SB 1058
🔴Relating to the exclusion of certain securities transaction payments from the total revenue of a taxable entity that is a registered securities market operator.
🔴 SB 1058: A Tax Carveout for Texas Stock Exchanges
What it says it does:
SB 1058 says stock exchanges in Texas should not be taxed on money they do not keep. It excludes the rebate payments that exchanges pay to brokers and dealers from the total revenue used to calculate the state franchise tax.
What it actually changes:
This bill creates a new, permanent exemption in the Texas Tax Code. It allows any registered securities market operator to lower its taxable income by subtracting these rebate payments.
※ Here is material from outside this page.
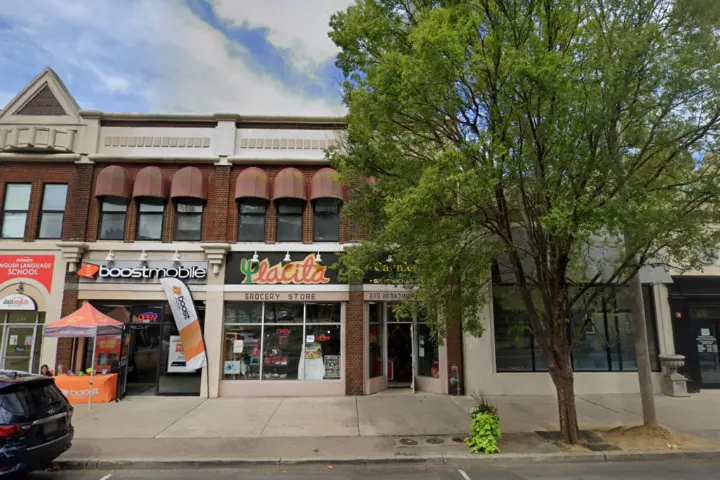 Boost 339 Broadway - 339 Broadway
The exemption directly reduces contributions to the Property Tax Relief Fund, which supports school finance, and requires the state to replace that money from general revenue.
Who is pushing for it:
Senator Tan Parker authored the bill with support from Senator César Blanco. Witnesses in favor included representatives of the Texas Stock Exchange and its affiliate TXSE Group Inc., as well as the Comptroller’s Office for technical feedback.
Who benefits:
The main beneficiaries are the Texas Stock Exchange and similar operators that will launch trading in 2026. They gain a lasting tax advantage that boosts profits and helps them compete with larger national exchanges. Brokers and dealers also benefit because exchanges can maintain rebate programs without additional tax costs.
Who gets left out or exposed:
Public schools lose guaranteed funding from the Property Tax Relief Fund. Small and mid-sized Texas businesses, which cannot claim comparable exclusions, are left paying full franchise taxes. Taxpayers ultimately fill the gap through state general revenue.
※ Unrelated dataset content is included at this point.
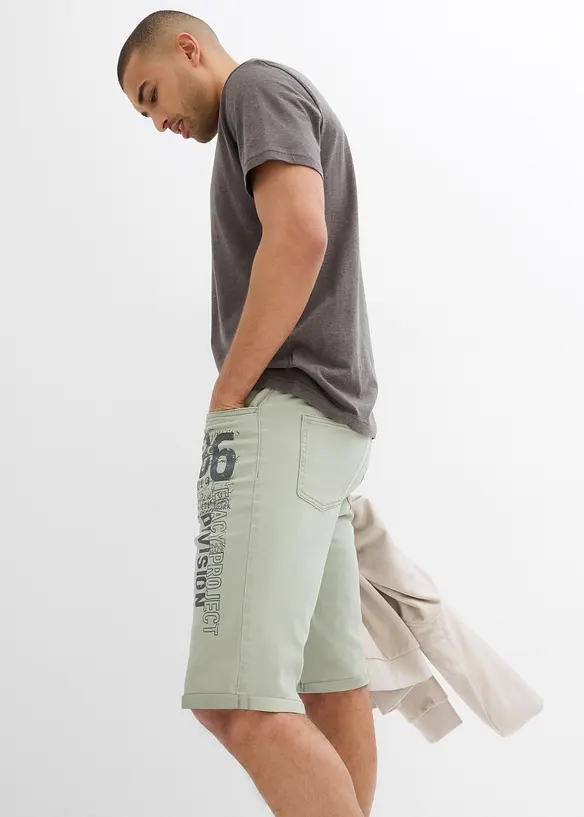 Stretchiga jeansbermudas, Regular Fit, bonprix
Why this matters long term:
SB 1058 sets a precedent for industry-specific tax carveouts. As more sectors ask for similar treatment, the state’s education and infrastructure funds will face slow but steady erosion. Over time, permanent exemptions like this one shift the tax burden from private firms to the general public.
What to watch next:
Watch for additional bills that redefine taxable revenue for select industries. Also track the fiscal reports from the Comptroller to see how much is lost from the Property Tax Relief Fund once the new exchanges begin trading.
Bottom line:
SB 1058 gives a narrow group of financial operators a lasting tax break while shifting hidden costs onto taxpayers and schools. It looks technical, but it quietly changes who carries Texas’s fiscal load.
Questions to ask lawmakers:
If this policy reduces the Property Tax Relief Fund, what is the long-term plan to protect school funding without pushing the cost onto general taxpayers?
Would you support a sunset date or a required public report so Texans can see how much this carveout costs once these exchanges start operating?
If the goal is fairness, why give a targeted tax advantage to a narrow set of financial operators instead of designing a rule that treats industries consistently?